On Wed, 16 Jun 2021, Qing Zhao wrote:

> Hi, Richard,
> 
> On Jun 16, 2021, at 1:19 AM, Richard Biener 
> <rguent...@suse.de<mailto:rguent...@suse.de>> wrote:
> 
> +/* Expand the IFN_DEFERRED_INIT function according to its second
> argument.  */
> +static void
> +expand_DEFERRED_INIT (internal_fn, gcall *stmt)
> +{
> +  tree var = gimple_call_lhs (stmt);
> +  tree init = NULL_TREE;
> +  enum auto_init_type init_type
> +    = (enum auto_init_type) TREE_INT_CST_LOW (gimple_call_arg (stmt, 1));
> +
> +  switch (init_type)
> +    {
> +    default:
> +      gcc_unreachable ();
> +    case AUTO_INIT_PATTERN:
> +      init = build_pattern_cst_for_auto_init (TREE_TYPE (var));
> +      expand_assignment (var, init, false);
> +      break;
> +    case AUTO_INIT_ZERO:
> +      init = build_zero_cst (TREE_TYPE (var));
> +      expand_assignment (var, init, false);
> +      break;
> +    }
> 
> I think actually building build_pattern_cst_for_auto_init can generate
> massive garbage and for big auto vars code size is also a concern and
> ideally on x86 you'd produce rep movq.  So I don't think going
> via expand_assignment is good.  Instead you possibly want to lower
> .DEFERRED_INIT to MEMs following expand_builtin_memset and
> eventually enhance that to allow storing pieces larger than a byte.
> 
> Due to “BOOLEAN_TYPE” and “POINTER_TYPE”, we cannot always have a
> repeated byte-pattern for variables that include BOOLEAN_TYPE Or Pointer
> types.

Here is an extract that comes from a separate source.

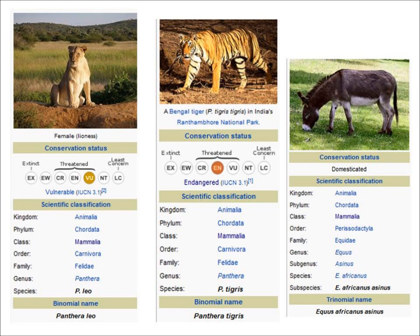There are seven different levels of classification. We've already talked about kingdom; the next ones down are phylum, class, order, family, genus, and then species. The combination of the genus name and the species name gives an organism its binomial name — for instance, a lion is called Panthera leo.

Therefore, lowering the .DEFERRED_INIT for “PATTERN”
> initialization through “memset” is not always possible.
> 
> Let me know if I miss anything in the above. Do you have other suggestions?
> 
> The main point is that you need to avoid building the explicit initializer
> only to have it consumed by assignment expansion.  If you want to keep
> all the singing and dancing (as opposed to maybe initializing with a
> 0x1 byte pattern) then I think for efficiency you still want to
> block-initialize the variable and then only fixup the special fields.
> 
> Yes, this is a good idea.
> 
> We can memset the whole structure with repeated pattern “0xAA” first,
> Then mixup BOOLEAN_TYPE and POINTER TYPE for 32-bit platform.
> That might be more efficient.
> 
> However, after more consideration, I feel that this might be a more
> general optimization for “store_constructor” itself:
> 
> I.e,  if the “constructor” includes repeated byte value “0xAA” or any other 
> value over a certain threshold,
> i.e, 70% of the total size, then we might need to use a call to memset first, 
> and then emit some additional single
> field stores  to fix up the fields that have different initialization values?
> 
> Just like the current handling of “zeroes” in the current 
> “store_constructor”, if “zeroes” occupy most of the constructor, then
> “Clear the whole structure” first, then emit additional single field stories 
> to fix up other fields that do not hold zeros.
> 
> So, I think that it might be better to keep the current
> “expand_assignment” for “Pattern initialization” as it is in this patch.
> 
> And then, later we can add a separate patch to add this more general
> optimization in “store_constructor” to improve the run time performance
> and code size in general?
> 
> What’s your opinion on this?
> 
> My point is that _building_ the constructor is what we want to avoid
> since that involves a lot of overhead memory-wise, it also requires
> yet another complex structure field walk with much room for errors.
> 
> Block-initializing the object is so much easier and more efficient.
> Implementing block initialization with a block size different from
> a single byte should be also reasonably possible.  I mean there's
> wmemset (not in GCC), so such block initialization would have other
> uses as well.
> 
> If the pattern of the value that is used to initialize is repeatable, then
> Block-initializing is ideal. However, Since the patterns of the values that
> are used to initialize might not be completely repeatable due to BOOLEAN (0),
> POINTER_TYPE at 32-bit platform (0x000000AA) and FLOATING TYPE (NaN),
> After block initializing of the whole object, we still need to add additional 
> fix up
> stores of these different patterns to the corresponding fields.
> 
> But that's a bug with the pattern used then.  You can never be sure that
> an object is used only as its declared type but you are initializing it
> as if it were.  Also all uninit uses invoke undefined behavior so I don't
> see why you need to pay special attention here.  After all this makes
> pattern init so much more fragile than zero-init which makes me question
> it even more ...
> 
> Yes, you are right.  The major reason for the complexity of the code to 
> handle pattern initialization
> is because multiple different patterns are assigned to different types.
> 
> This is for the compatibility with CLANG. -:). 
> (https://reviews.llvm.org/D54604)

I don't care about functional 1:1 "compatibility" with CLANG.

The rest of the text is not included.